For over two decades of Search, we’ve been at the forefront of innovation in language understanding to help deliver on our mission of making the world’s information more accessible and useful for everyone. We’ve seen how critical these advancements are to making information more helpful, and being able to better connect people to creators, publishers and businesses on the web. It’s this constant improvement in understanding human language that’s enabled us to send more traffic to the web every year since Google was created.
We’ve also seen how AI models have significantly improved language innovation. Each successive milestone, from neural nets, to BERT, to MUM, has blown us away with the step changes in information understanding they’ve offered. But with each step forward, we look closely at the limitations and risks new technologies can present.
Across Google, we have been examining the risks and challenges associated with more powerful language models, and we’re committed to responsibly applying AI in Search. Here are some of the ways we do that.
Training on high quality data
We pretrain our models on high-quality data to reduce their potential to perpetuate undesirable biases that may exist in web content. In the case of MUM, we ensured that training data from the web was designated as high-quality based on our search quality metrics, which are informed by our Search Quality Rater Guidelines and driven by our quality rating and evaluation system. This substantially reduces the risk of training on misinformation or explicit content, for example, and is key to our approach.
And as part of our efforts to build a Search experience that works for everyone, MUM was trained on over 75 languages from around the world.
Rigorous Evaluation
Every improvement to Google Search undergoes a rigorous evaluation process to ensure we’re providing more relevant, helpful results. Our Search Quality Rater Guidelines are our north star for how we evaluate great search results. Human raters follow these guidelines and help us understand if our improvements are better fulfilling people’s information needs.
This evaluation process is central to the responsible application of any improvement to Search, whether we’re introducing powerful new systems like BERT or MUM, or simply adding a new feature.
Some changes are bigger than others, so we have to adjust our process accordingly. At the time of its introduction to Search, BERT impacted 1 in 10 English-language queries, so we scaled our evaluation process to be even more rigorous than usual. We subjected our systems to an unprecedented amount of scrutiny, increasing both the scale and granularity of quality testing, to help ensure they weren’t introducing concerning patterns into our systems.
While our standard evaluation process helps us judge launches across a representative query stream, for some improvements, we also more closely examine whether changes provide quality gains or losses across specific slices of queries, or topic areas.
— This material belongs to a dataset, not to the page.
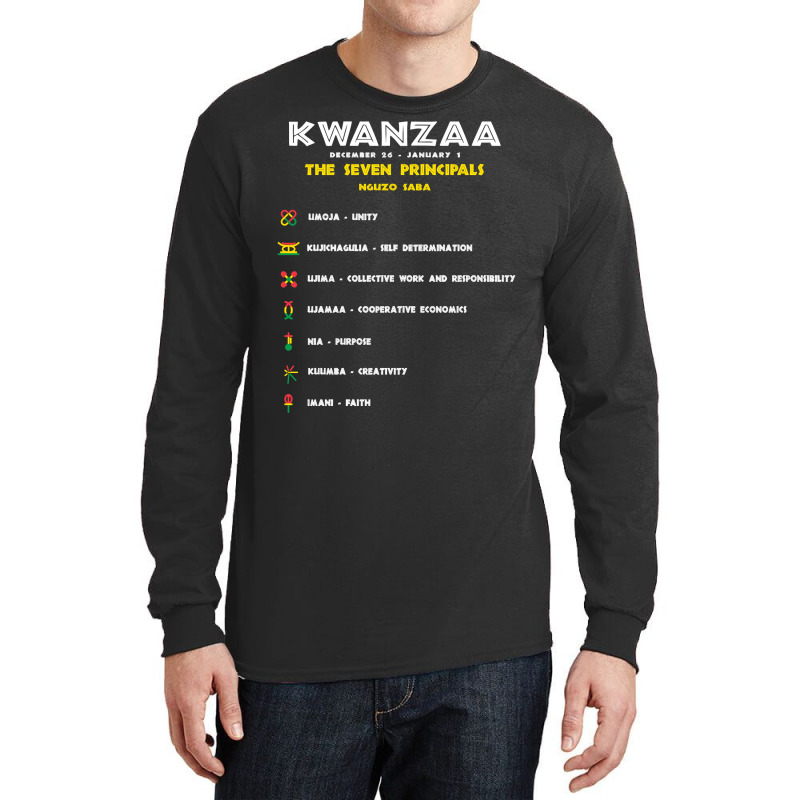 Seven Principles Of Kwanzaa   African American Celebration Pullover Ho Long Sleeve Shirts by adam.troare | Artistshot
This allows us to identify if concerning patterns exist and pursue mitigations before launching an improvement to Search.
Search is not perfect, and any application of AI will not be perfect — this is why any change to Search involves extensive and constant evaluation and testing.
Responsible application design
In addition to working with responsibly designed and trained models, the thoughtful design of products and applications is key to addressing some of the challenges of language models. In Search, many of these critical mitigations take place at the application level, where we can focus on the end-user experience and more effectively manage risk in smaller models designed for specific tasks.
When we adopt new AI technologies such as BERT or MUM, they’re able to help improve individual systems to perform tasks more efficiently and effectively. This approach allows us to focus the scope of our evaluation and understand if an application is introducing concerning patterns. In the event that we do find concerning behavior, we’re able to design much more targeted solutions.
Minding our footprint
Training and running advanced AI models can be energy consumptive. Another benefit of training smaller, application-specific models is that the energy costs of the larger base model, such as MUM, are amortized over the many different applications.
The Google Research team recently published research detailing the energy costs of training state-of-the art language models, and their findings show that combining efficient models, processors, and data centers with clean energy sources can reduce the carbon footprint of a model by as much as one thousand-fold — and we follow this approach to train our models in Search.
Language models in practice
New language models like MUM have enormous potential to transform our ability to understand language and information about the world. And while they may be powerful, they do not make our existing systems obsolete. Today, Google Search employs hundreds of algorithms and machine learning models, none of which are wholly reliant on any singular, large model.
Amongst these hundreds of applications are systems and protections designed specifically to ensure you have a safe, high quality experience. For example, we design our ranking systems to surface relevant and reliable information. Even if a model were to present issues around low quality content, our systems are built to counteract this.
As we’re able to introduce new technologies like MUM into Search, they’ll help us greatly improve our systems and introduce entirely new product experiences. And they can also help us tackle other challenges we face. Improved AI systems can help bolster our spam fighting capabilities and even help us combat known loss patterns. In fact, we recently introduced a BERT-based system to better identify queries seeking explicit content, so we can better avoid shocking or offending users not looking for that information, and ultimately make our Search experience safer for everyone.
We look forward to making Search a better, more helpful product with improved information understanding from these advanced language models, and bringing these new capabilities to Search in a responsible way.